Work instruction
Give again, exactly as written, each line of the material below starting at the line that contains "Detail image of" and ending at the line that contains "社会|惨痛！26岁男子殒命高速！6处监控都拍到他在做同一件事……". Both ends count, and no other line does.

Supplied data
=== Begin Enclosure ===

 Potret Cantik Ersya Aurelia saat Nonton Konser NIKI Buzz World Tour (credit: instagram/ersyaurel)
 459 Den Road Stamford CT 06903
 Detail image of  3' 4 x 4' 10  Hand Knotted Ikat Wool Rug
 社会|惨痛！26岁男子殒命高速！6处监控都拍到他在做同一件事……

=== End Enclosure ===
=== Begin Enclosure ===

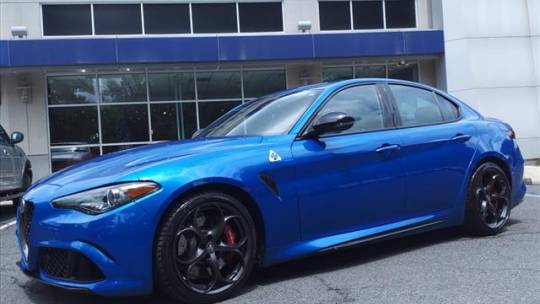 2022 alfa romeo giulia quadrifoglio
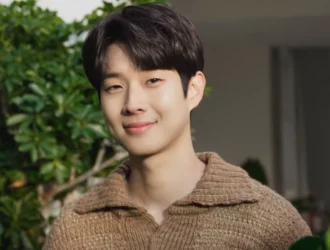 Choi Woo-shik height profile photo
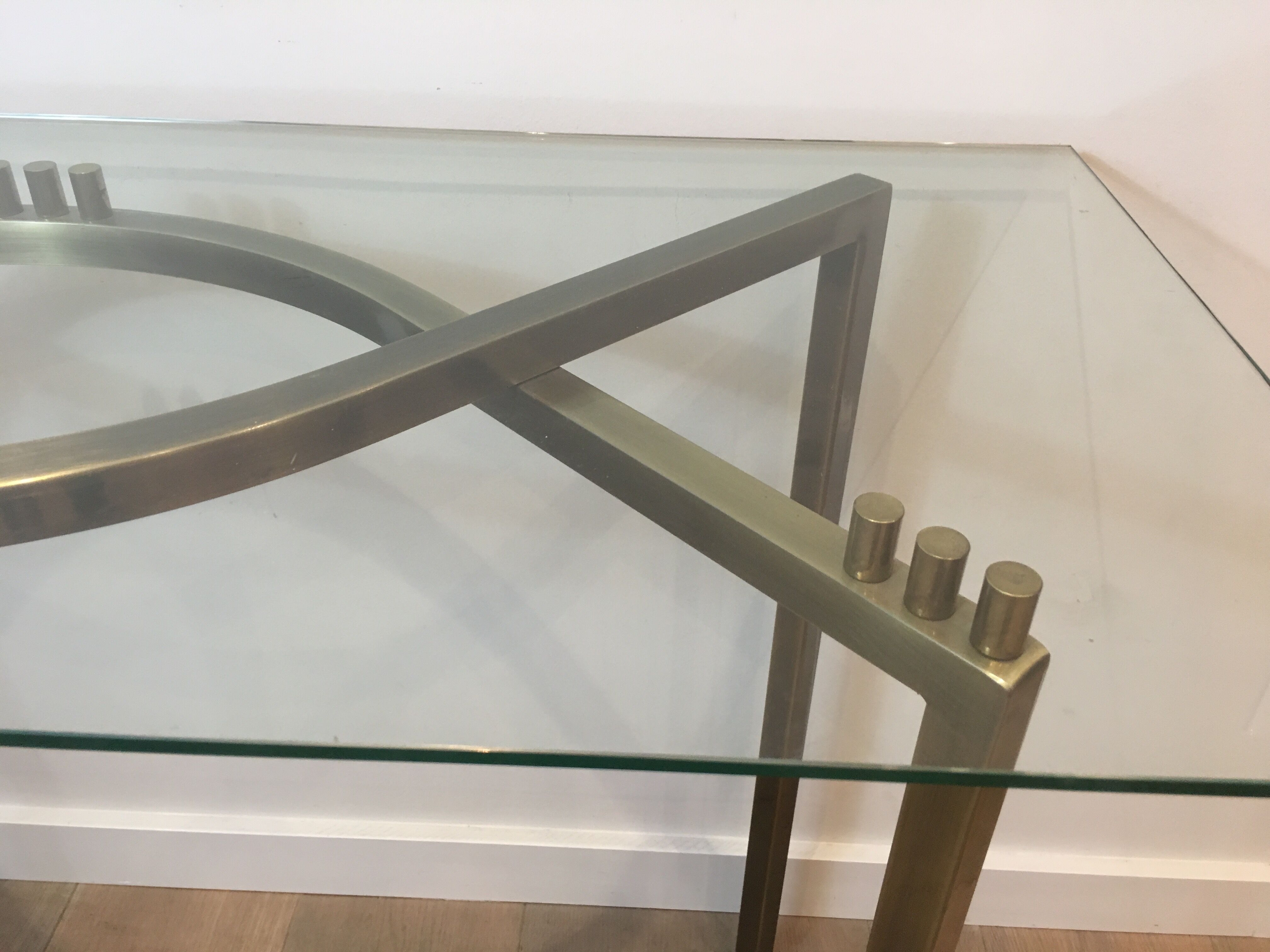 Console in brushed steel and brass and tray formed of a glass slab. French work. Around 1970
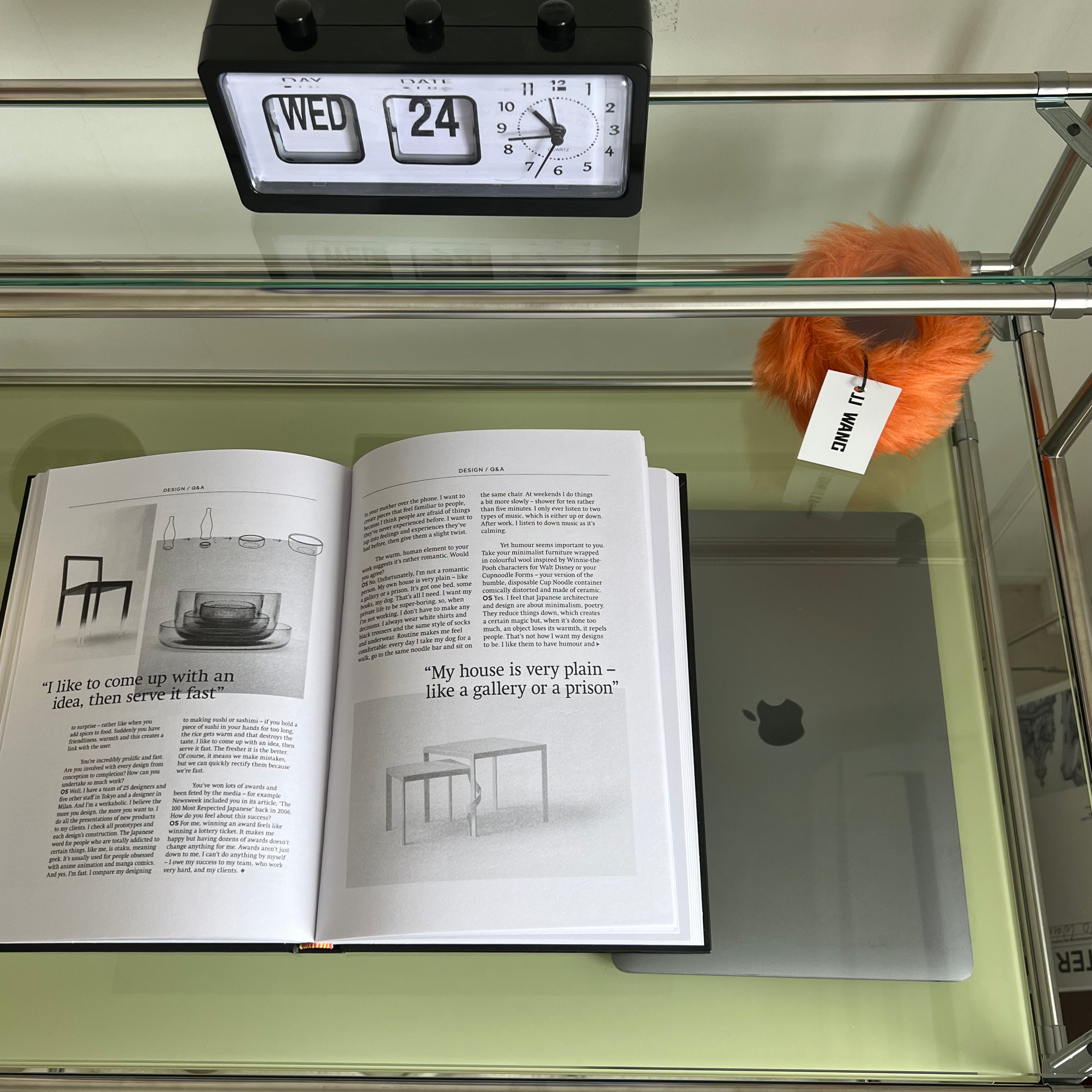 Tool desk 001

=== End Enclosure ===
=== Begin Enclosure ===

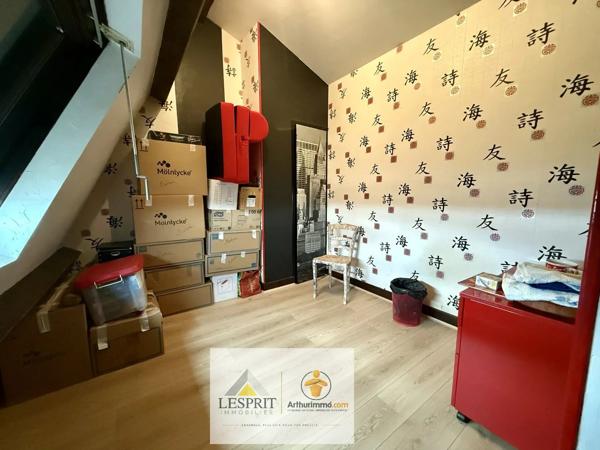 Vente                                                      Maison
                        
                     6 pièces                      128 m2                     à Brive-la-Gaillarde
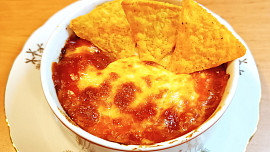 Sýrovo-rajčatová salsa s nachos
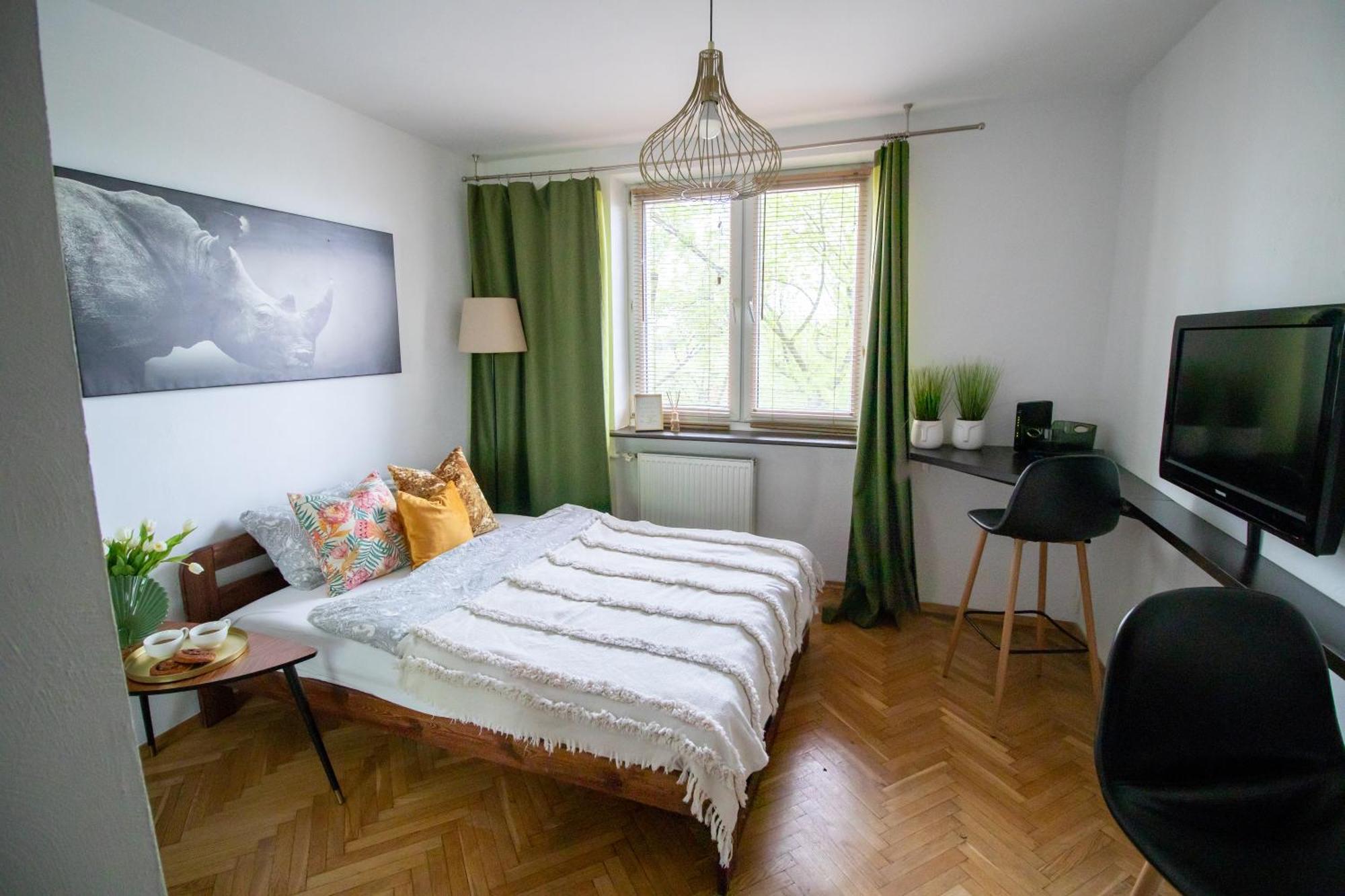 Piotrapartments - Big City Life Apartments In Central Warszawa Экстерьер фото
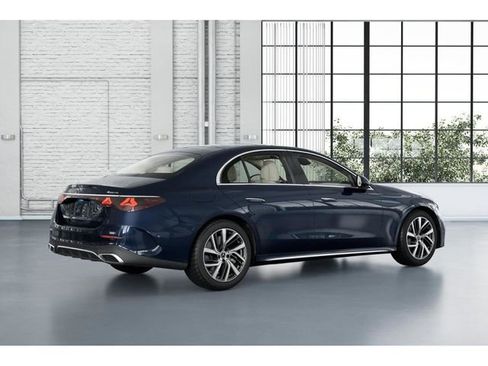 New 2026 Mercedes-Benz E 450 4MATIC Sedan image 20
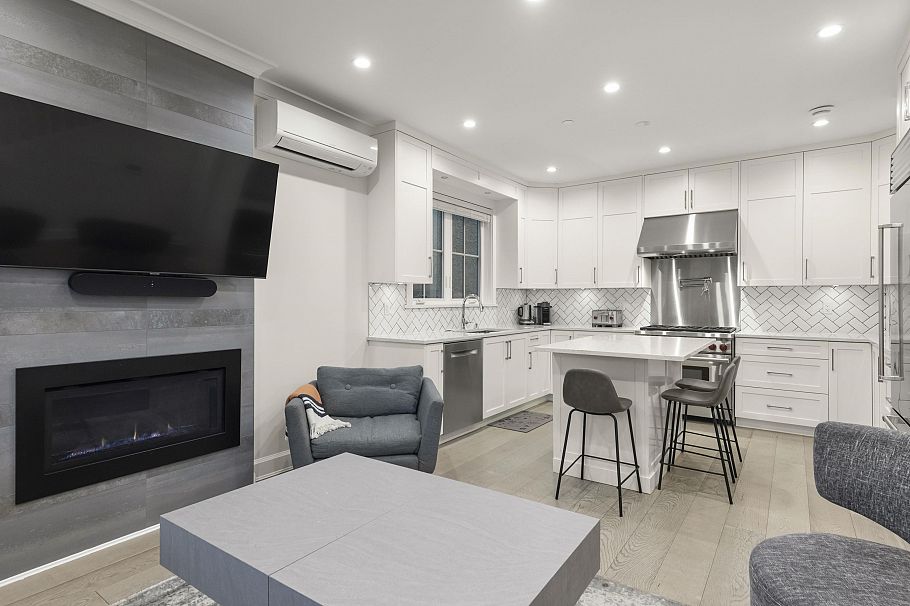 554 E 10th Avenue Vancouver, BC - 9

=== End Enclosure ===

Output for this task
 Detail image of  3' 4 x 4' 10  Hand Knotted Ikat Wool Rug
 社会|惨痛！26岁男子殒命高速！6处监控都拍到他在做同一件事……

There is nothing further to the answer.